First find the line with "Vintage Leopard Strapped", then reproduce it and all following lines of the data to the end, exactly and with no pictures, adding nothing.

→ THE RECORDS
------------------------------------------------
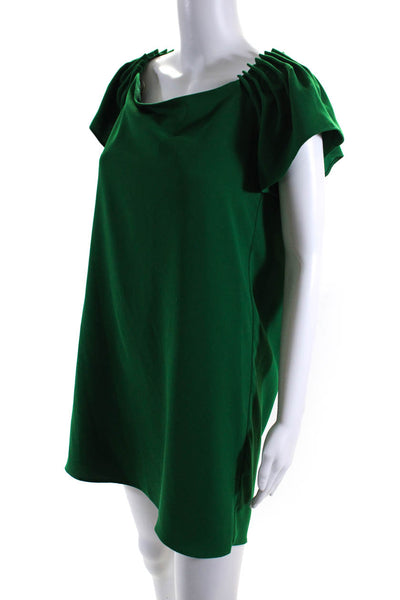 Trina Turk Women's Off The Shoulder A-Line Mini Dress Green Size S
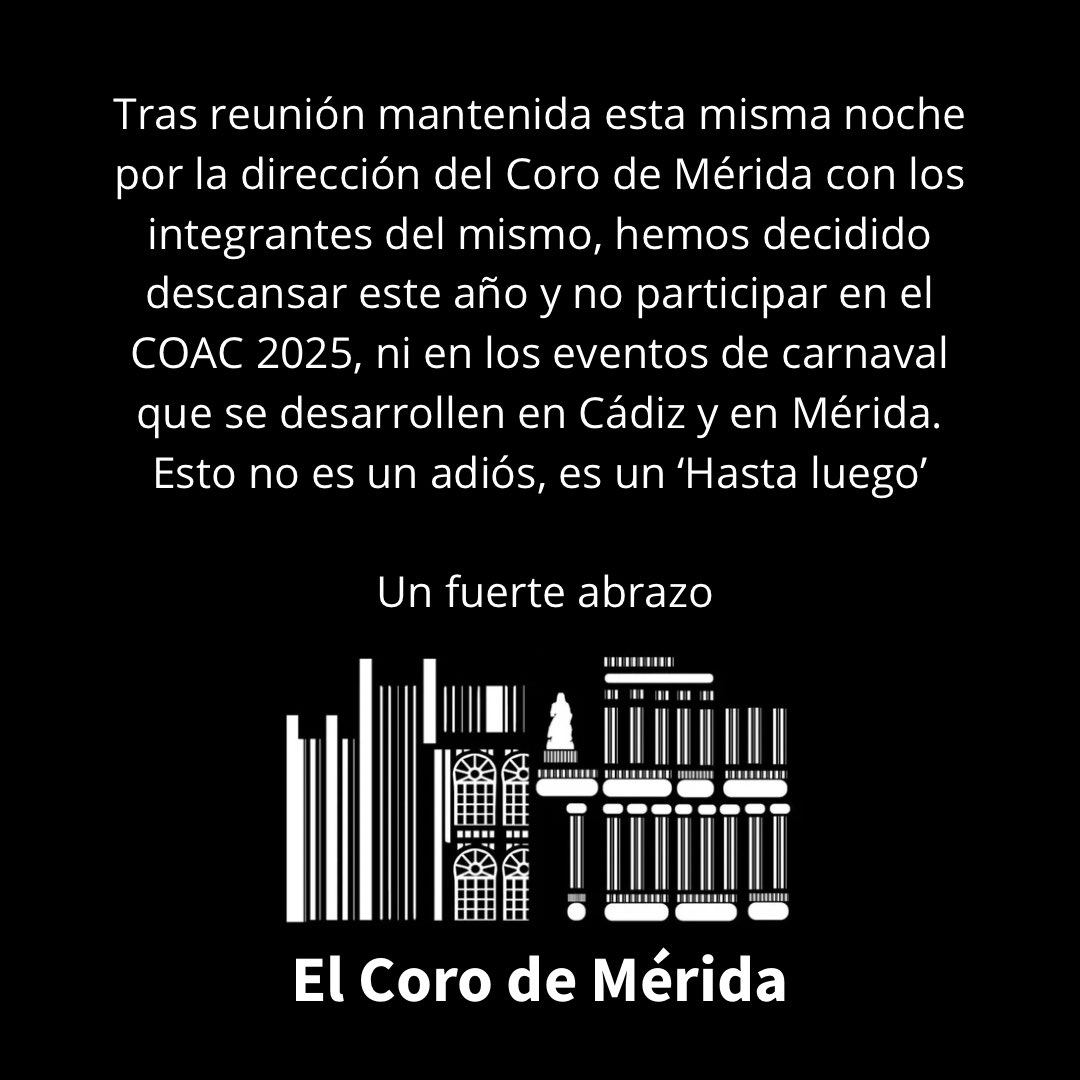 ElCorodeMerida's tweet image. 😎 Esto no es un adiós, es un ‘Hasta luego’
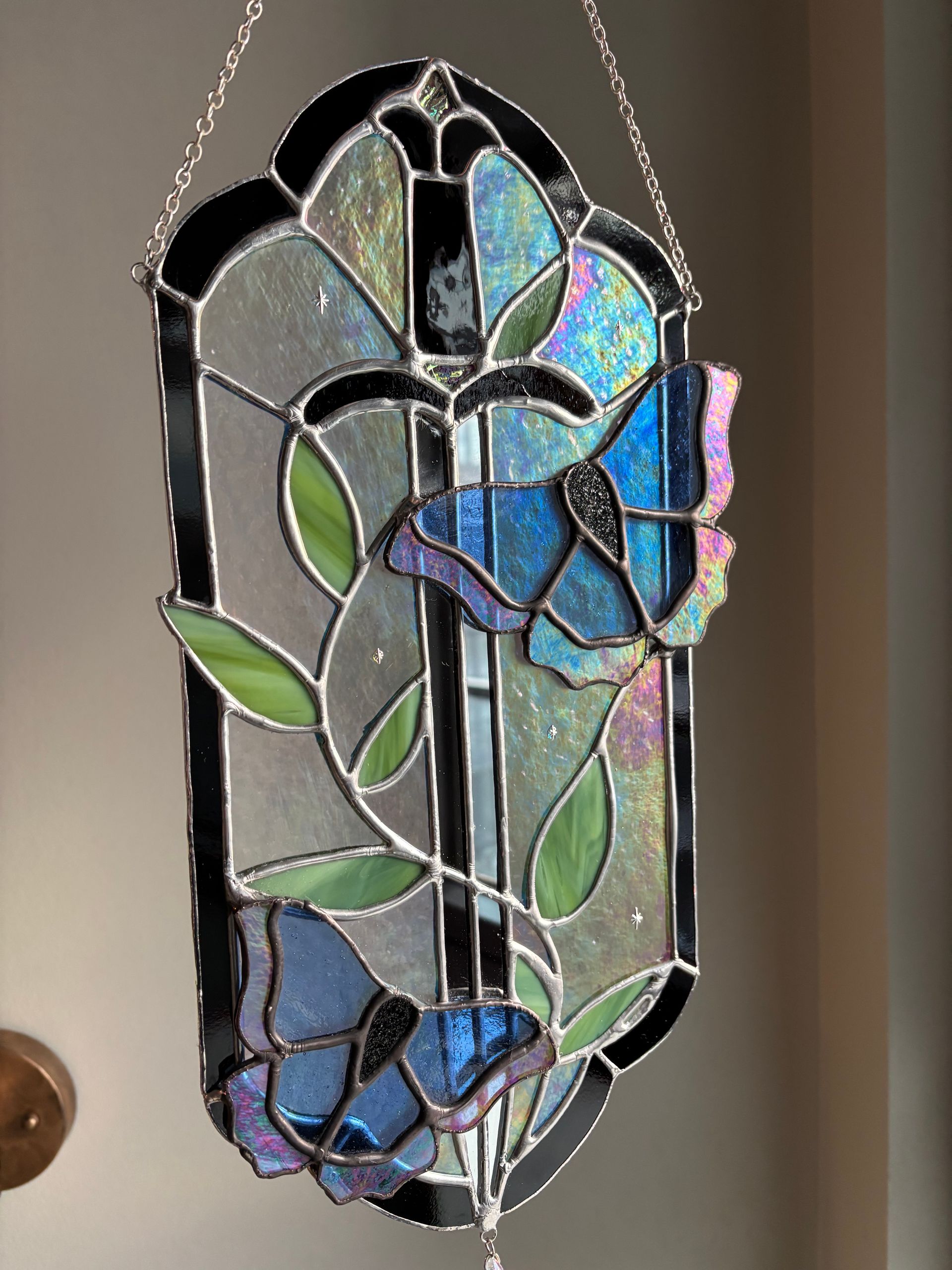 Little Osha Butterfly and Dagger Fantasy Stained Glass Art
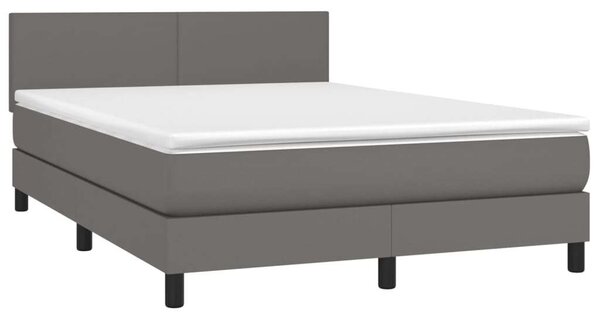 VidaXL szürke műbőr rugós ágy matraccal és LED-del 140x200 cm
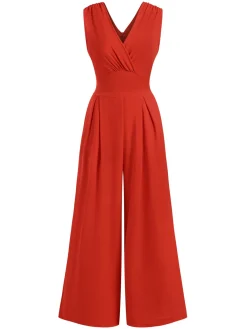New Retro Stage Red 1960s V-Neck Sleeveless Wide Leg Jumpsuit True Red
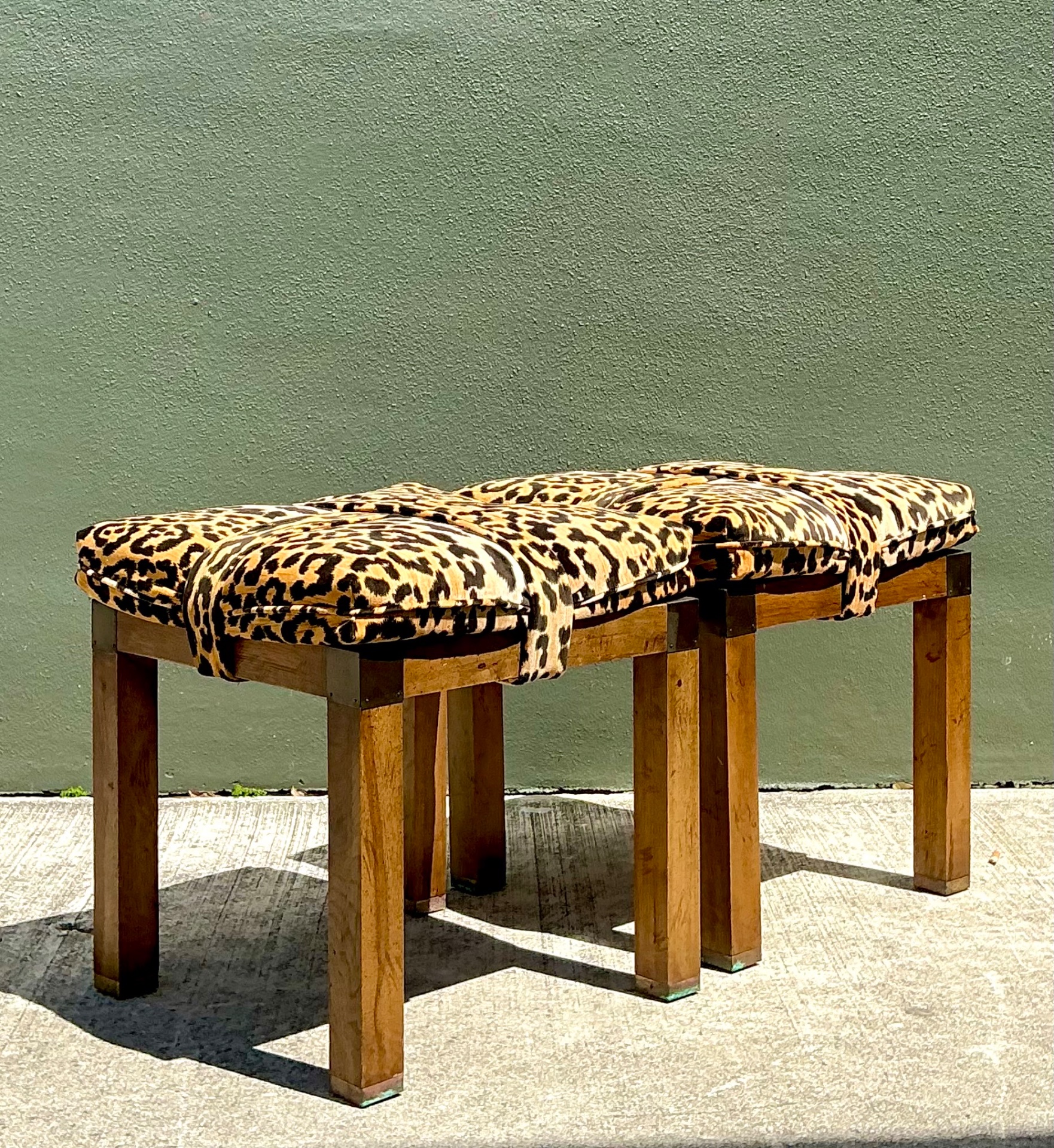 Vintage Leopard Strapped Campaign Stools - A Pair - Top view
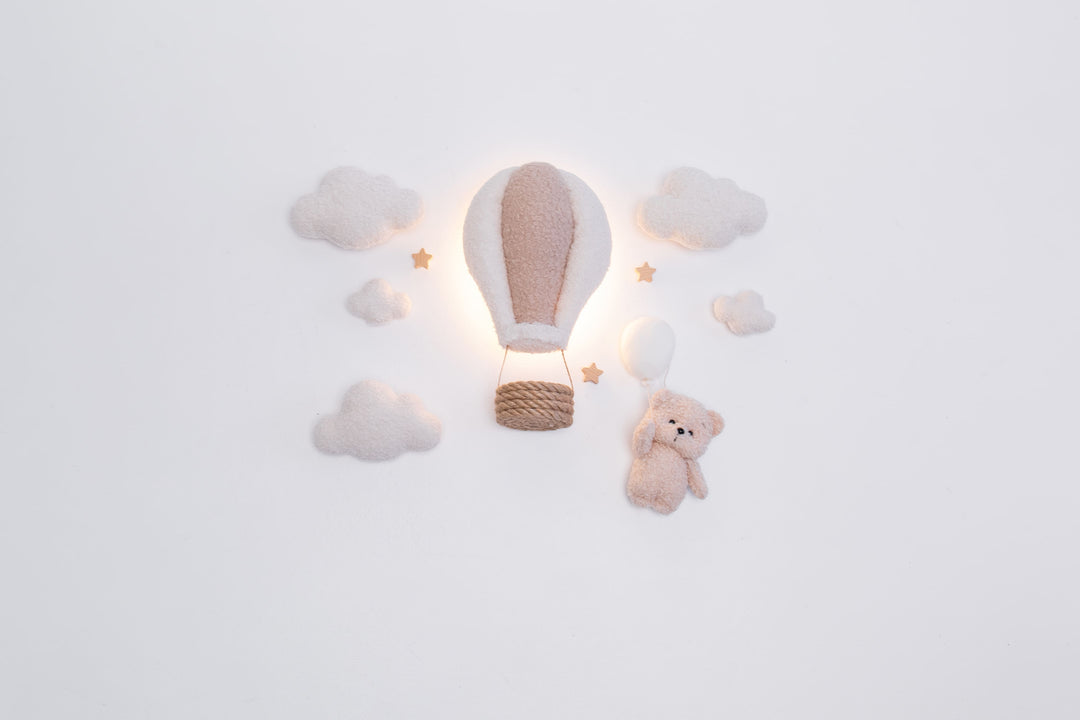 Teddy Bear Hot Air Balloon Wall Light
------------------------------------------------
→ TASK SOLUTION
 Vintage Leopard Strapped Campaign Stools - A Pair - Top view
 Teddy Bear Hot Air Balloon Wall Light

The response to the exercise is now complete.